É fato sabido que a um pedaço de barro molhado é possível imprimir várias formas, criando objetos utilitários ou, simplesmente, para serem apreciados como belos. Enquanto o barro estiver úmido é possível fazer mudanças na forma, buscando o objeto desejado mediante um projeto prévio ou, apenas, guiado pela intuição. Depois de satisfeito o desejo do artífice, o objeto encontrado é levado ao fogo para ter a sua forma preservada.

 

Algo semelhante a esta última etapa acontece com o homem quando ele é colocado diante de um desafio. A vitória terá o poder de enrijecer as qualidades (virtudes ou defeitos, conforme o ponto de vista) que propiciaram tal feito. Ela é igual a fogo no barro.

 

Quando ainda aprendiz, eu fui colocado na condição de mestre. Precisava de uma profissão e esta me foi oferecida. Todavia, tudo que eu sabia de ensino fora aprendido na condição de aluno e, muitas vezes, na condição de observador passivo.

 

Deparei-me com um grupo carente que aceitava de bom grado o que lhe fosse oferecido. Algo assim como: melhor pouco do que nada. Consegui passar pelo fogo da primeira sessão e voltei igualzinho à segunda.
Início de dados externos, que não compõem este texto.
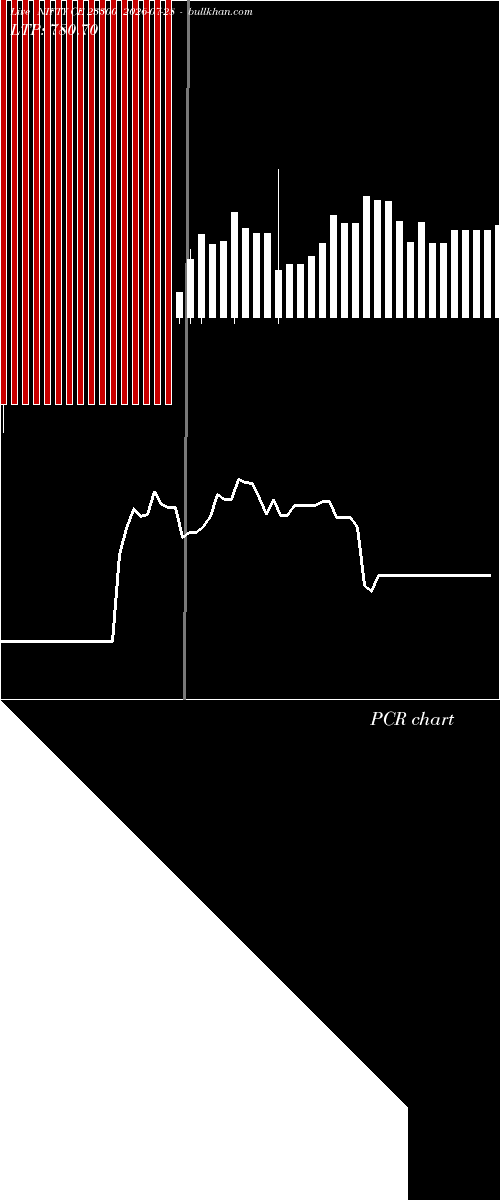  option chart NIFTY CE 23300 2026-07-28 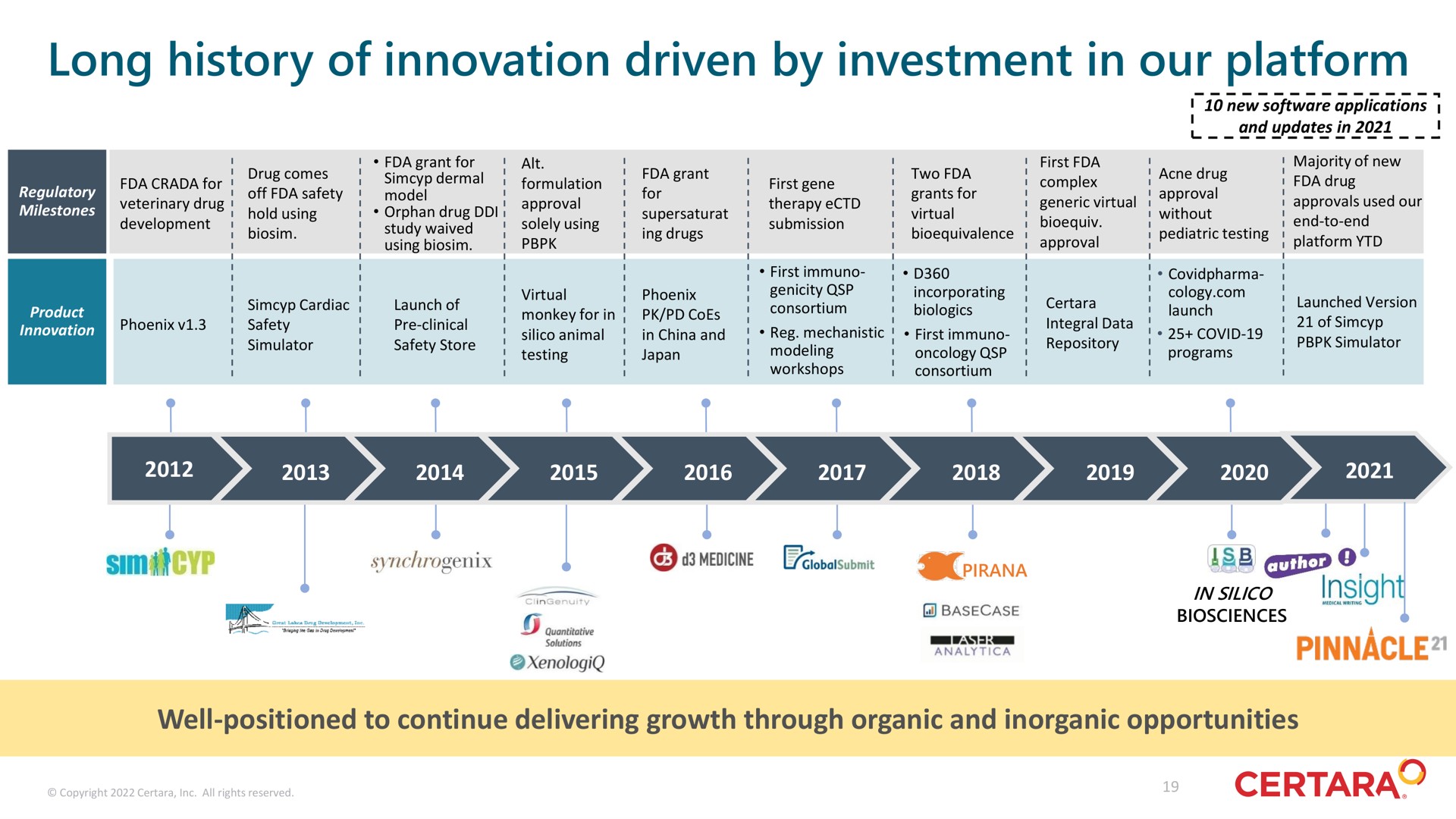 Timeline slide 19 from Certara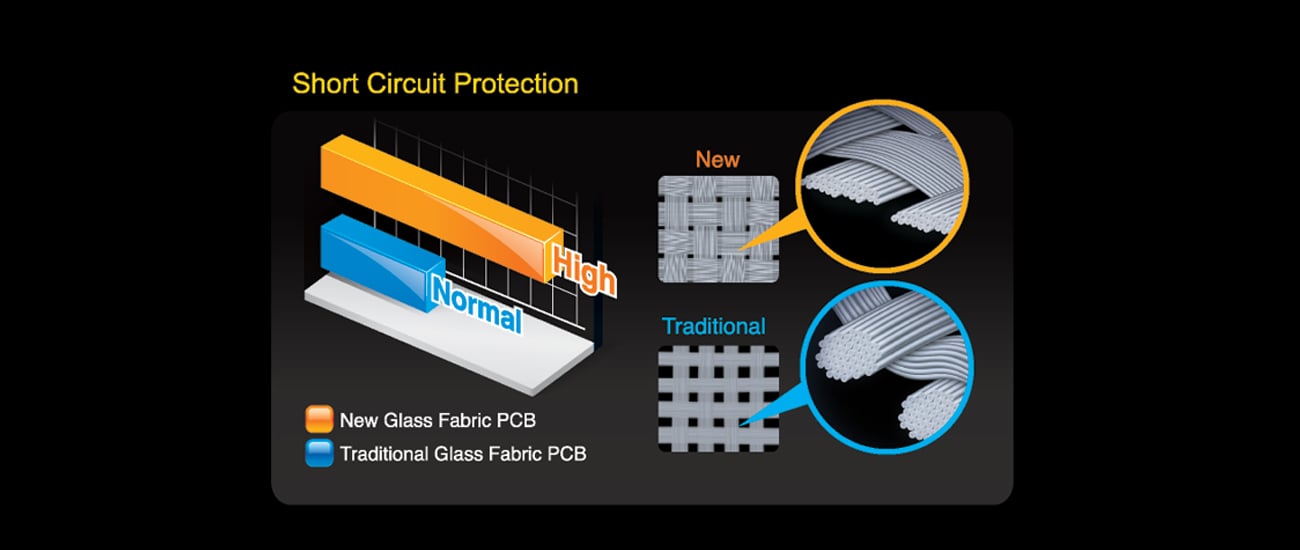 Gigabyte GA-Z97X-UD7 TH Odpornośc na wilgoć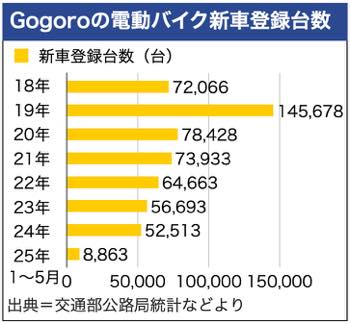 /date/2025/06/13/20gogoro_2.jpg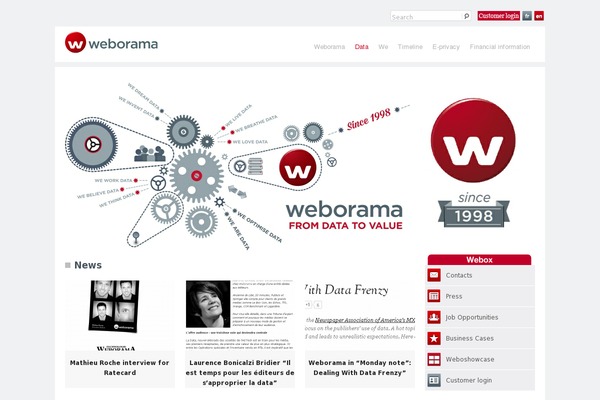 Site using Encyclopedia / Glossary / Wiki plugin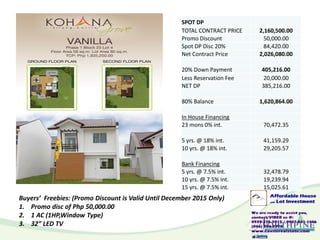 Buyers’ Freebies: (Promo Discount is Valid Until December 2015 Only)
1. Promo disc of Php 50,000.00
2. 1 AC (1HP,Window Type)
3. 32” LED TV
SPOT DP
TOTAL CONTRACT PRICE 2,160,500.00
Promo Discount 50,000.00
Spot DP Disc 20% 84,420.00
Net Contract Price 2,026,080.00
20% Down Payment 405,216.00
Less Reservation Fee 20,000.00
NET DP 385,216.00
80% Balance 1,620,864.00
In House Financing
23 mons 0% int. 70,472.35
5 yrs. @ 18% int. 41,159.29
10 yrs. @ 18% int. 29,205.57
Bank Financing
5 yrs. @ 7.5% int. 32,478.79
10 yrs. @ 7.5% int. 19,239.94
15 yrs. @ 7.5% int. 15,025.61
 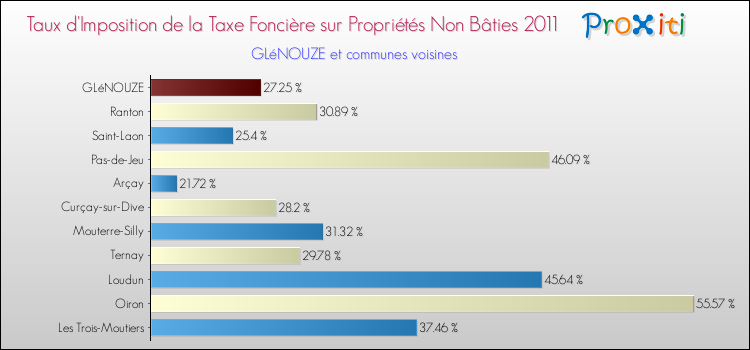 Taux d'imposition de la taxe foncière sur les immeubles et terrains non batis 2011 pour GLéNOUZE et les communes proches Comparaison des taux d'imposition de la taxe foncière sur les immeubles et terrains non batis 2011 pour GLéNOUZE et les communes voisines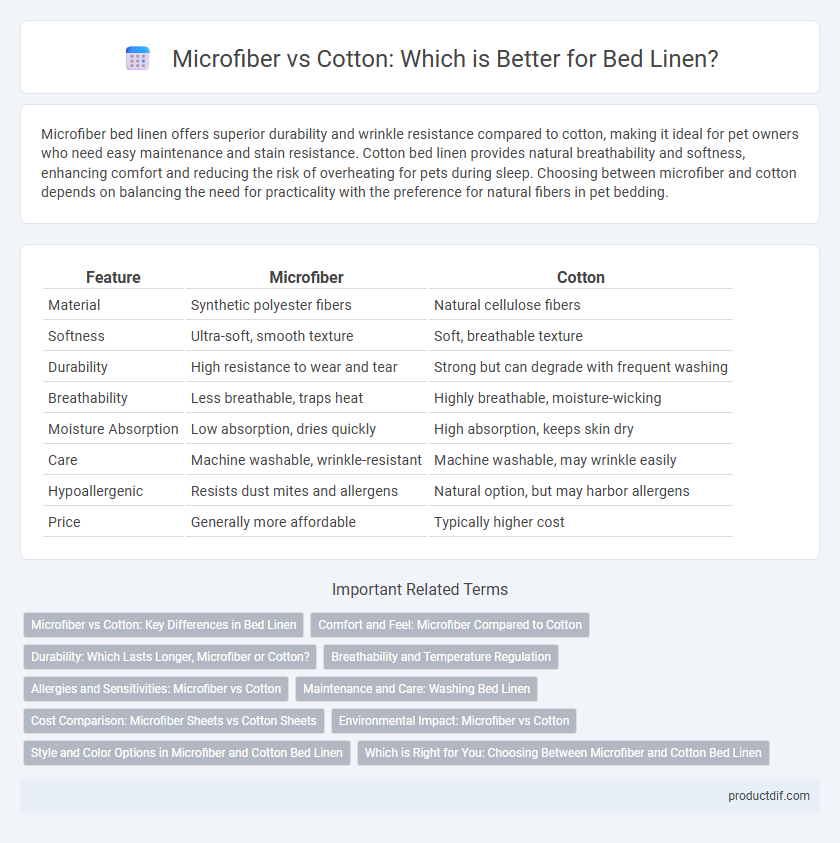 Microfiber vs Cotton: Which is Better for Bed Linen?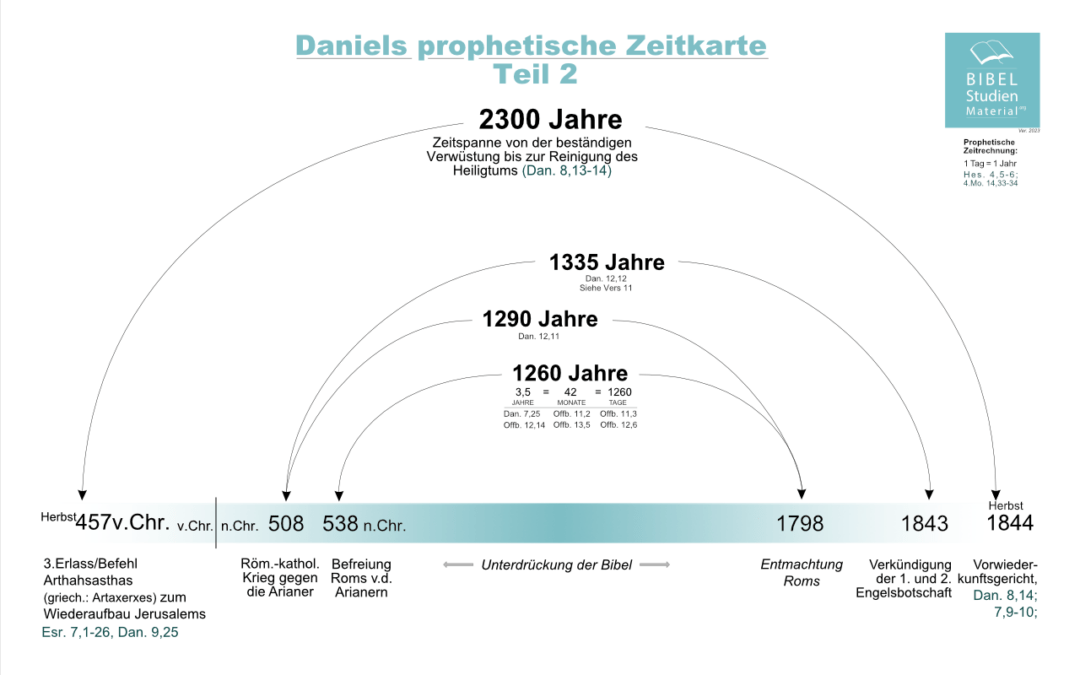 1260 Tage Prophezeiung Daniel 12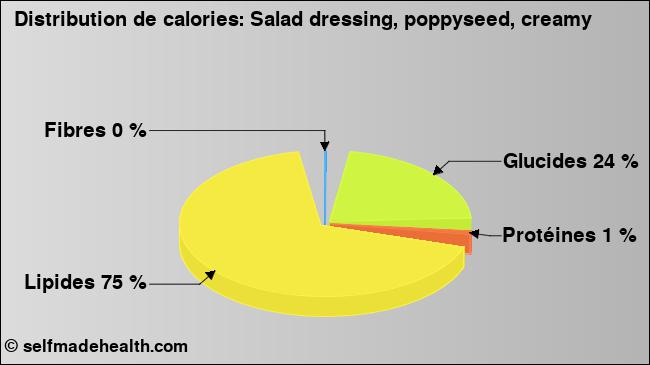 Calories: Salad dressing, poppyseed, creamy (diagramme, valeurs nutritives)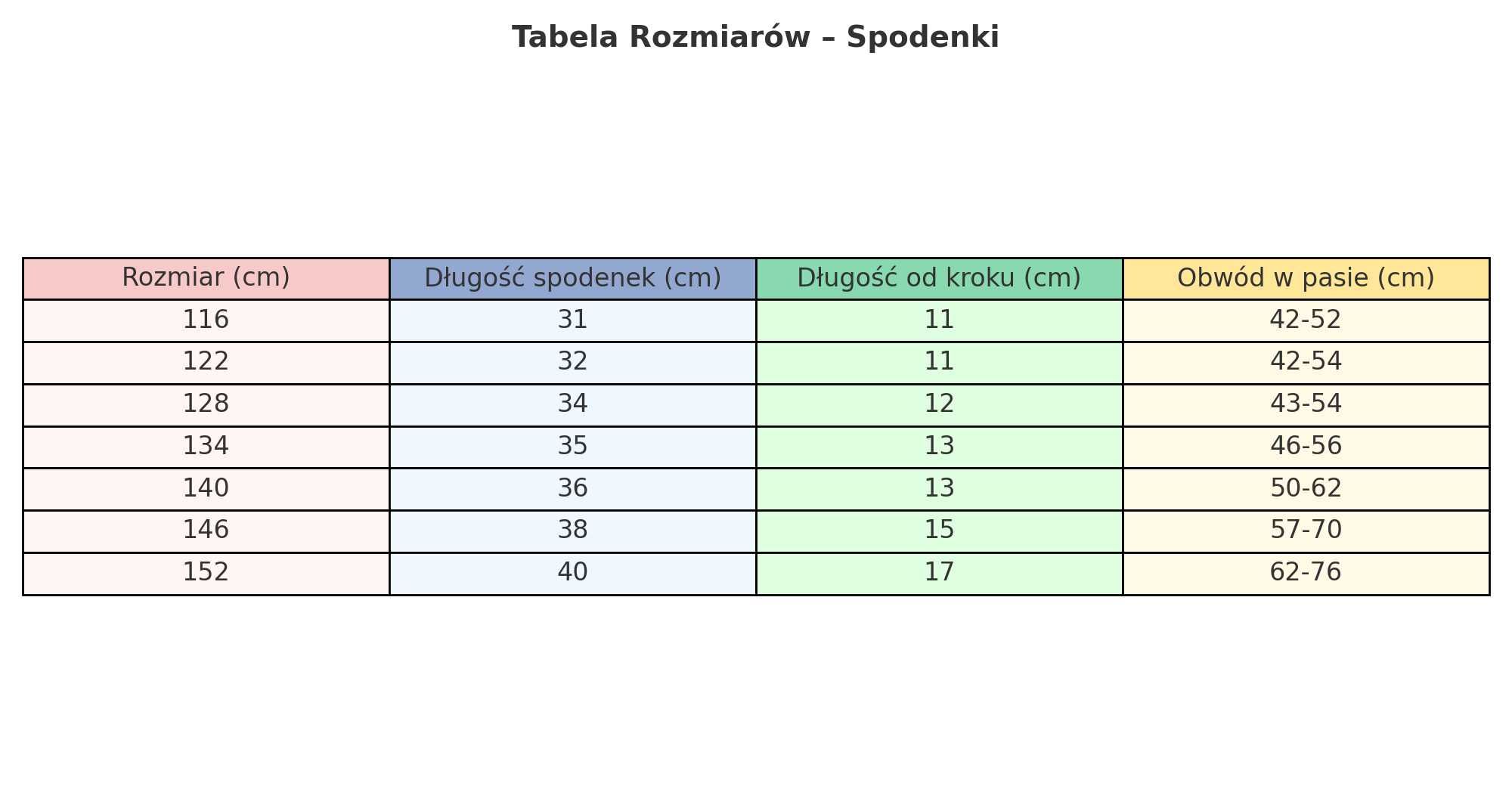 Mbappe - Real Madrid - Strój piłkarski z getrami 134cm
Isto é, com as características que me fizeram vencedor naquele desafio. A forma estava cristalizada pelo fogo do êxito. Nesta pedra bruta era admissível, apenas, polimentos.

 

Muitas outras situações semelhantes me foram colocadas ao longo da vida. O que vale dizer, sem prévio treinamento, sem a fundamentação sólida necessária e suficiente. E, igualmente, as vitórias foram imprimindo as suas marcas.

 

Hoje, em frente ao portal que conduz a terceira idade, contemplo o meu semblante e não me sinto satisfeito. Faltou um projeto consistente e consciente. Tudo, ou quase tudo, fora feito na base da pura intuição ou improviso.

 

Se eu fosse de um barro comum - assim com você não é - seria impossível qualquer mudança. Entretanto, o barro que nos constitui leva o sopro do Logos. No humano há um elemento que torna o barro velho  e endurecido em um barro novo e maleável. É o sofrimento, decorrente de perda ou derrota.

 

Quanto, então, surge uma audição com o eu divino (o Logos), muito diferenciada da fala do ego. Este chora pelo apego à forma antiga do campeão, que jaz quieto e derrotado pelas novas exigências da vida no deserto. Aquele mostra no horizonte um amplo sorriso de criança que acolhe e oferece uma vida em eterna plenitude, sem ser mais uma miragem. E, assim, no ápice do deserto, é possível encontrar o caminho que conduz ao oásis.